スリッページとは本来顧客がユーザーの想定したレートと実際の約定されたレートに差が発生する現象

です。本来の数値とは異なることで、利益の縮小や損害に繋がる可能性があるものとなっています。ロット数が大きいほど、若干不利な値で約定する傾向があるなど、本格的にFXを行う際には注意が必要になる要素のひとつです。FX業者によってスリッページの許容範囲の設定ができる場合もあります。
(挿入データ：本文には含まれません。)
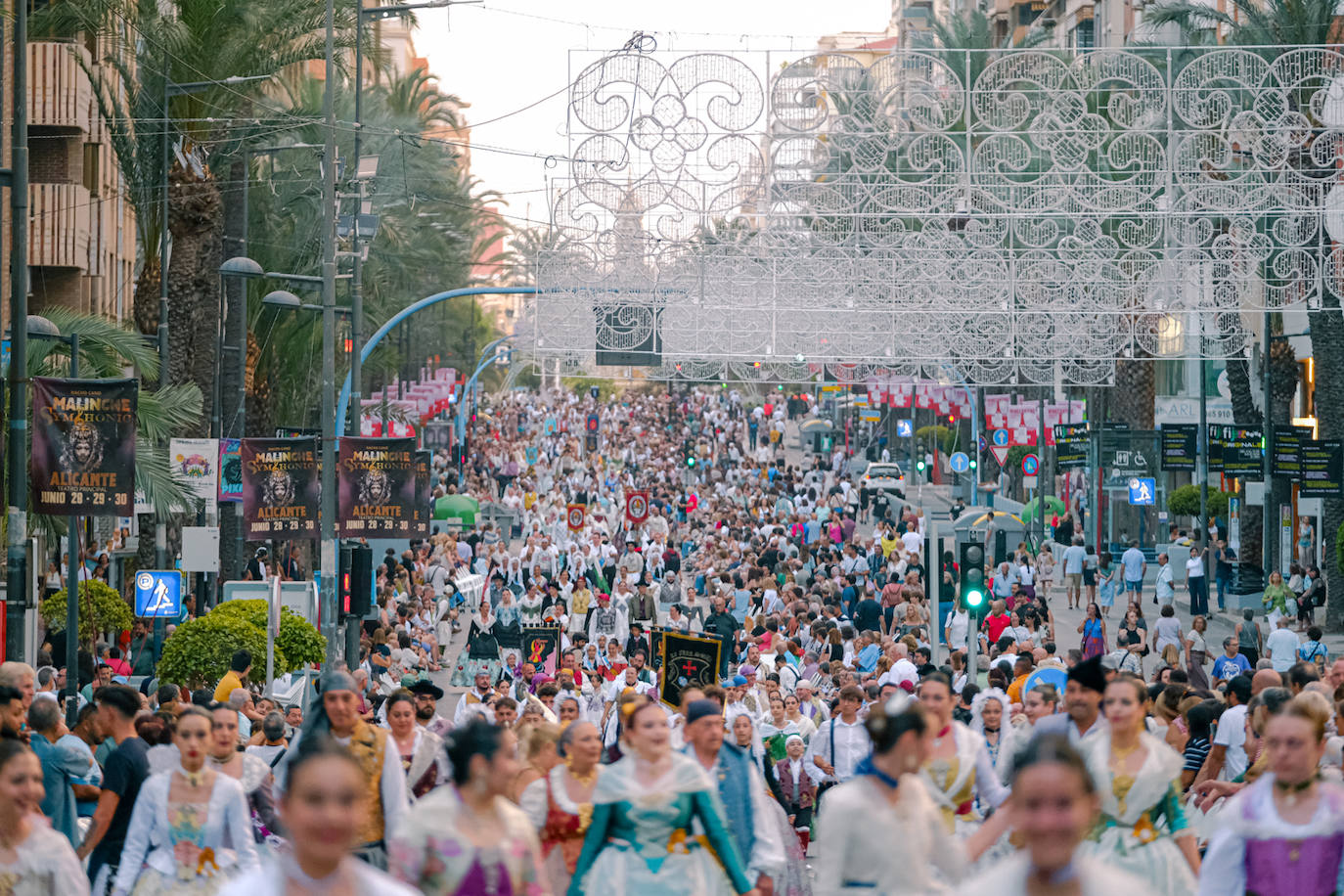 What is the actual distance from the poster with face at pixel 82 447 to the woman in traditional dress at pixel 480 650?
7.27 m

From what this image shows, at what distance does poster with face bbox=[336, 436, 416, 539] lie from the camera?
24109mm

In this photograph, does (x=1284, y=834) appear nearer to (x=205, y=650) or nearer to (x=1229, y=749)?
(x=1229, y=749)

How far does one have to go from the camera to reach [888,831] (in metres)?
6.89

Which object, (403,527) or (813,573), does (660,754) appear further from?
(813,573)

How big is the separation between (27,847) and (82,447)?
495 inches

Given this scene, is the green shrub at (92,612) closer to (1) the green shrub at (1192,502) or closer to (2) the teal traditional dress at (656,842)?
(2) the teal traditional dress at (656,842)

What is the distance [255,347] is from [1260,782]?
110 feet

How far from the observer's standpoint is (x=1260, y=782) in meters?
7.13

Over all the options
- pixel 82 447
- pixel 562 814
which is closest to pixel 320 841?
pixel 562 814

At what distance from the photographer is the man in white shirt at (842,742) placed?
14094mm

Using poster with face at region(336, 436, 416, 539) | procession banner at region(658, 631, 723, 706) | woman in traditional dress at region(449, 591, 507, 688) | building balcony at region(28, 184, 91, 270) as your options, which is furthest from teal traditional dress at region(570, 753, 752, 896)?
building balcony at region(28, 184, 91, 270)

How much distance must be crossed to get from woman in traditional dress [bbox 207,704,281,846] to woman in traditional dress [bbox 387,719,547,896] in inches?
89.4

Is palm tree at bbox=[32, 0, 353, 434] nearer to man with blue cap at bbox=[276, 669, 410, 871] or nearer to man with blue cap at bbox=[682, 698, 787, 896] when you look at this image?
man with blue cap at bbox=[276, 669, 410, 871]

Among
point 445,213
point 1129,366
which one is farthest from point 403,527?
point 445,213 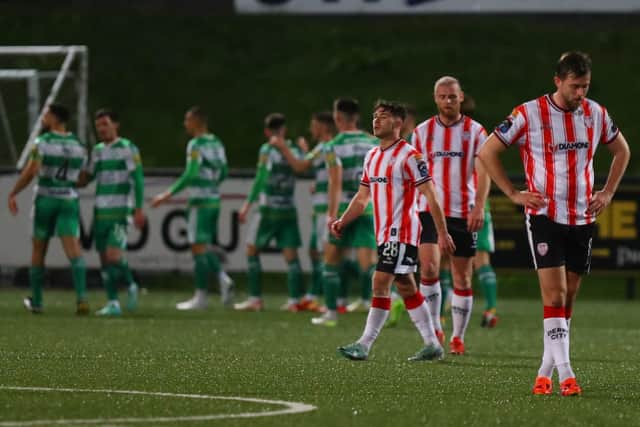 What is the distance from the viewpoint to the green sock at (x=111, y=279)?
17250mm

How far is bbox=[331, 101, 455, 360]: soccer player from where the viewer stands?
11.0 m

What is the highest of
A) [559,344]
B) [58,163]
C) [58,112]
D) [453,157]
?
[58,112]

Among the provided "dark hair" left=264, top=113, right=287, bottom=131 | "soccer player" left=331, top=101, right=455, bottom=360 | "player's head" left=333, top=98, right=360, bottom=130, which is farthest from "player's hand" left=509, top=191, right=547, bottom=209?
"dark hair" left=264, top=113, right=287, bottom=131

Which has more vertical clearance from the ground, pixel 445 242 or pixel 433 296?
pixel 445 242

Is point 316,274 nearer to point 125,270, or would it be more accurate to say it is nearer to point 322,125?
point 322,125

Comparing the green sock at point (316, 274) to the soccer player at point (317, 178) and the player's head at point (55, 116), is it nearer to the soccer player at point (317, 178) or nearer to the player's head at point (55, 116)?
the soccer player at point (317, 178)

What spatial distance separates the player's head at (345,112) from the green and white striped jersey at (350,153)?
0.60 feet

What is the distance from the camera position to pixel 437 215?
1077 centimetres

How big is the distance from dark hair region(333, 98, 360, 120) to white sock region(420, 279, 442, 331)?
3.77m

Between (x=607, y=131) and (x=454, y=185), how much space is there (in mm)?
2962

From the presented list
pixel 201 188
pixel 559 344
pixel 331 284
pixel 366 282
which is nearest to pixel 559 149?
pixel 559 344

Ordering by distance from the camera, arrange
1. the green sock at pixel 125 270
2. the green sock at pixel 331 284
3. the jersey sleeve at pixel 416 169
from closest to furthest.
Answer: the jersey sleeve at pixel 416 169 → the green sock at pixel 331 284 → the green sock at pixel 125 270

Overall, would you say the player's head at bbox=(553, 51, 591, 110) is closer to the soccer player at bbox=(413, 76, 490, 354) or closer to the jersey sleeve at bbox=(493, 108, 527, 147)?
the jersey sleeve at bbox=(493, 108, 527, 147)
約定拒否とはFX業者の不利になるような値で約定を行おうとした際に、拒否される現象

のことです。例えば、利益を確定させようと決済ボタンを押した際に、一定時間キャンセルも決定も受け付けなくなります。ひどい場合には、利益がマイナスとなったタイミングで約定することもあるのです。トレーダーからして見れば信じがたい現象のため、インターネット環境が原因だと考える方も少なくありません。システムの障害が意図的かそうでないかの判断は難しく、法的にさばくのは難しいと言えます。 ストップ狩りやスリッページ、約定拒否は相場が急変しているときに頻発する傾向があります。つまり、大きく稼ぐチャンス、もしくは大きな損害に繋がるケースで起こる可能性が高いのです。実際に取り引きの過程で、どのようなことが行われているかはトレーダーには把握することができません。完全にブラックボックスの中にあると言えます。こういったリスクは、知識として知っておくことは前提として、できるだけ回避するための対策をとることが必要です。 FX業者はどこを選んでも良いと言うわけではありません。

国内のFX業者が以上のような方法を行っている根本的な理由には、トレーダーの損失が収益に繋がること

にあります。トレーダーが損をすればするほど、儲かる仕組みになっているのです。対して海外のFX業者では顧客が支払う手数料を主な利益としているため、できるだけ儲けさせて取り引きを促進させようとする傾向があります。つまり、ストップ狩りやスリッページ、約定拒否などを意図的に行うメリットがないのです。FXの取り引きの命運は市場の動向を見るだけでなく、業者選びから始まっていると言えるでしょう。